You will learn to write stories for all mediums, take photos, shoot and edit video, anchor a newscast and build news websites. The result is that you will be prepared for multiple careers.
You also will work closely with outstanding faculty, including Pulitzer Prize and Emmy Award winners, who have been working journalists at some of the top news outlets in the nation. Our skills classes are limited to a maximum of 18 students.
Stony Brook’s proximity to New York City, the media capital of the world, means that you will have the opportunity to secure internships both on Long Island and in Manhattan, as well as visit top news organizations each month as part of the school’s “Professional Fridays” program. You also will have the opportunity to report from around the world, as part of the school’s “Journalism Without Walls” course that already has sent students on reporting trips to China, Russia, Cuba, Turkey and Kenya.

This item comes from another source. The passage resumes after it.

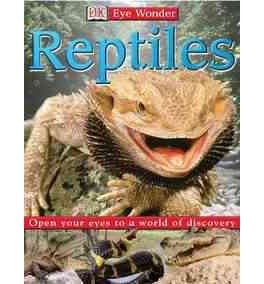 Eye Wonder: Reptiles (Eye Wonder)
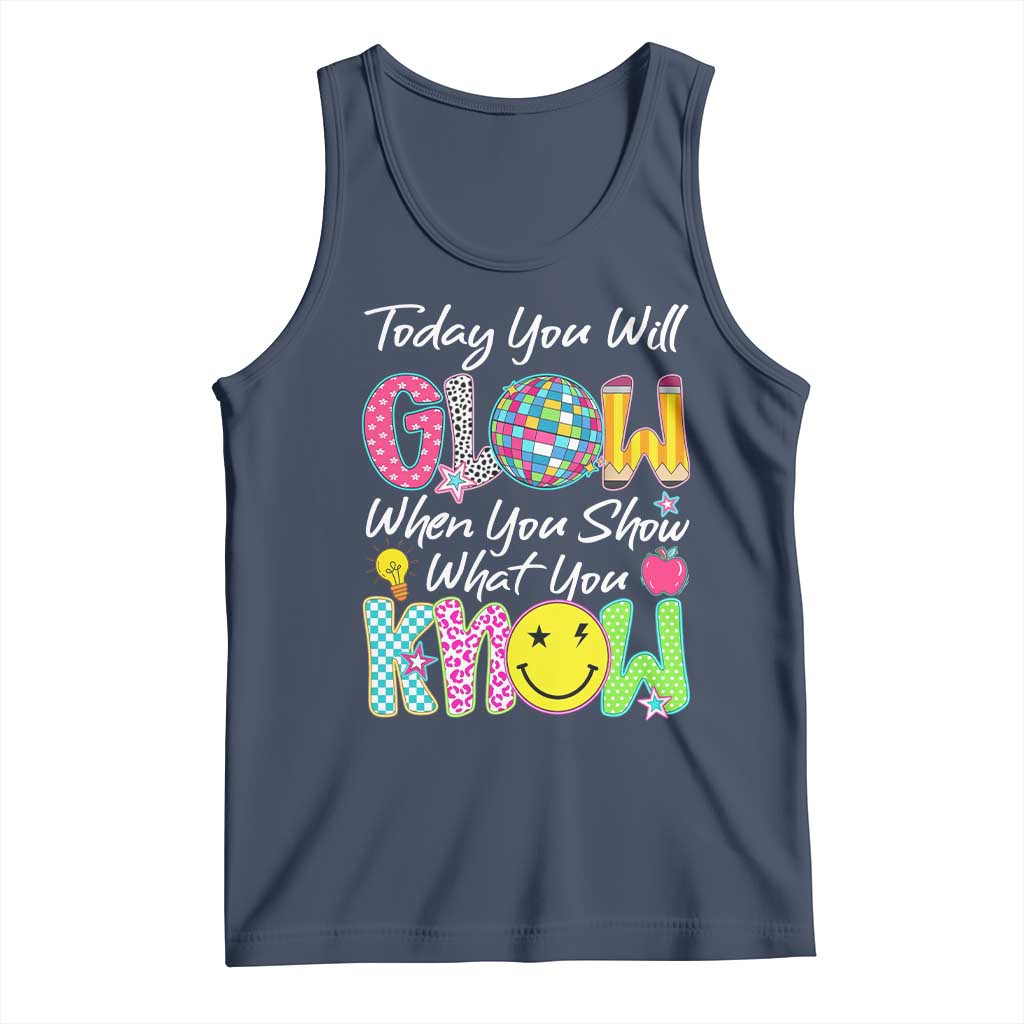 Motivational Test Day Glow Tank Top Today You Will Glow When You Show What You Know TS02 Navy Print Your Wear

The world may be rapidly changing, but the reasons for choosing a journalism career are the same as when I made my choice 40 years ago: it’s exciting, and journalists can still change the world.
— Dean Howard Schneider
About the School
The Stony Brook School of Journalism was established in September 2006. It is the first and only Journalism School in the SUNY public higher-education system.
In addition to its core undergraduate and masters programs, the school operates three Centers: The Center for News Literacy, which has developed a pioneering course in News Literacy for news consumers; the Marie Colvin Center for International Reporting, which prepares the next generation of international correspondents; and the Alan Alda Center for Communicating Science, which trains current and future scientists to communicate more effectively with the public. Founding Dean Howard Schneider is the former editor of Newsday.
To advance the public interest in a dramatically-changing world by educating journalists, public communicators and news consumers to value and transmit information that adheres to the highest standards of clarity, accuracy and reliability.